Once the authorization to hold the OPAC is granted, the offeror shall forward the notice to the administrator of the FII, in order to take the following steps: (i) to give notice of the offer to the unit holders, through the disclosure of the notice on the website of the FII; and (ii) to develop and make public a reasoned opinion based on any OPAC for the issuance of units of the FII, covering the following topics: (a) the convenience and opportunity of the offer as to the interest of all unit holders and the liquidity of their units; (b) the impact of the offer on any tax benefits applicable to the FII; (c) strategic plans disclosed by the offeror in connection with the FII; and (d) other points deemed to be relevant.
In the above-mentioned opinion, the FII administrator must express a reasoned opinion favorable or contrary to the acceptance of the OPAC, warning that each unit holder is responsible for accepting or not the OPAC.
The manifestation about the conditions of the offer will have to be made public until five days before the auction.

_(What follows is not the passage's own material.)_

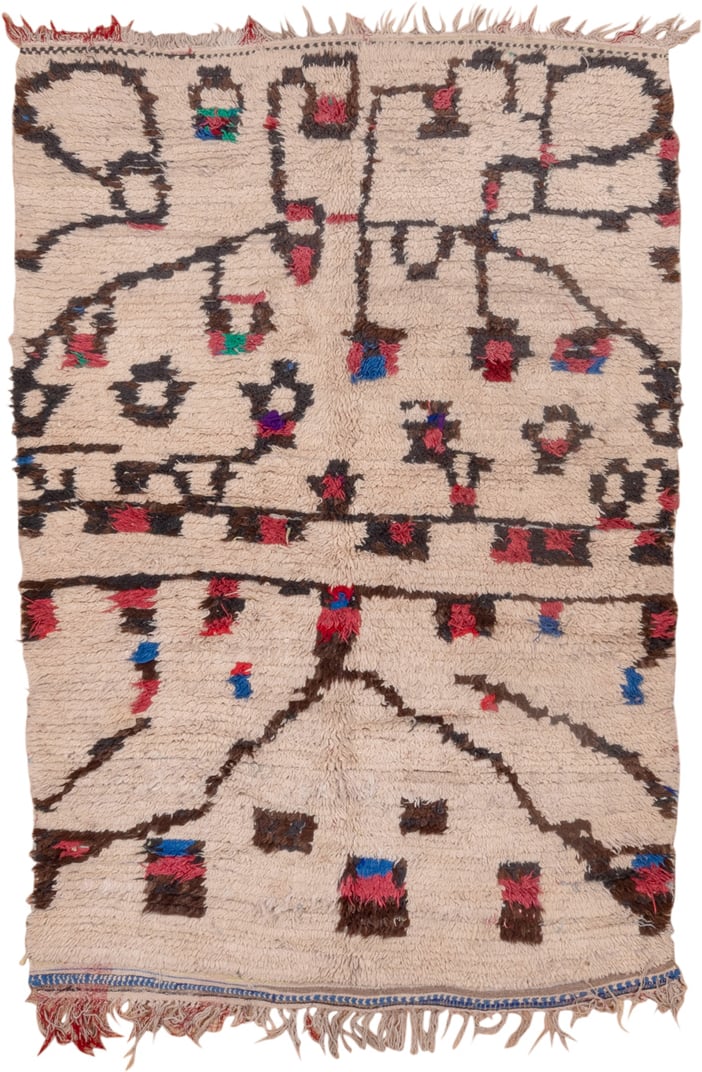 4' x 6' one-of-a-kind handmade vintage Moroccan small size rug. Color palette: ivory, brown, crimson, cobalt, teal, rose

Any manifestation of the FII manager whose units are object of the OPAC, if published by the administrator, shall supply the obligation referred to herein.
IX. Disclosure of the Notice
The deadline for disclosure of the notice is a maximum 15 business days after the approval of BVMF.
The deadline for completion of the auction after the disclosure of the notice is at least 15 and no more than 30 business days.
Should the offer be modified, the date of the auction may be extended if the change occurs after seven business days of the date of publication of the notice.
X. Final Considerations
BVMF may determine at any time: (i) the disclosure of any additional information other than those laid down in CL 50; (ii) the suspension of the OPAC procedure, if it is found that the identified irregularity can be corrected, keeping the suspension until such correction happens; or (iii) the cancellation of the OPAC, if it concludes that the identified irregularity or illegality cannot be corrected.
For the purposes of CL 50, "person linked" means any individual, legal entity, fund or universality of rights representing the same interest of another individual, legal entity, fund or universality of rights.
Consequently, "outstanding units" mean those units which are not owned by the offeror or any person linked to the offeror.
Exceptional situations, omissions or cases not provided for in CL 50 will be decided by BVMF based on the particularities of the fact at hand.
The content of this article is intended to provide a general guide to the subject matter. Specialist advice should be sought about your specific circumstances.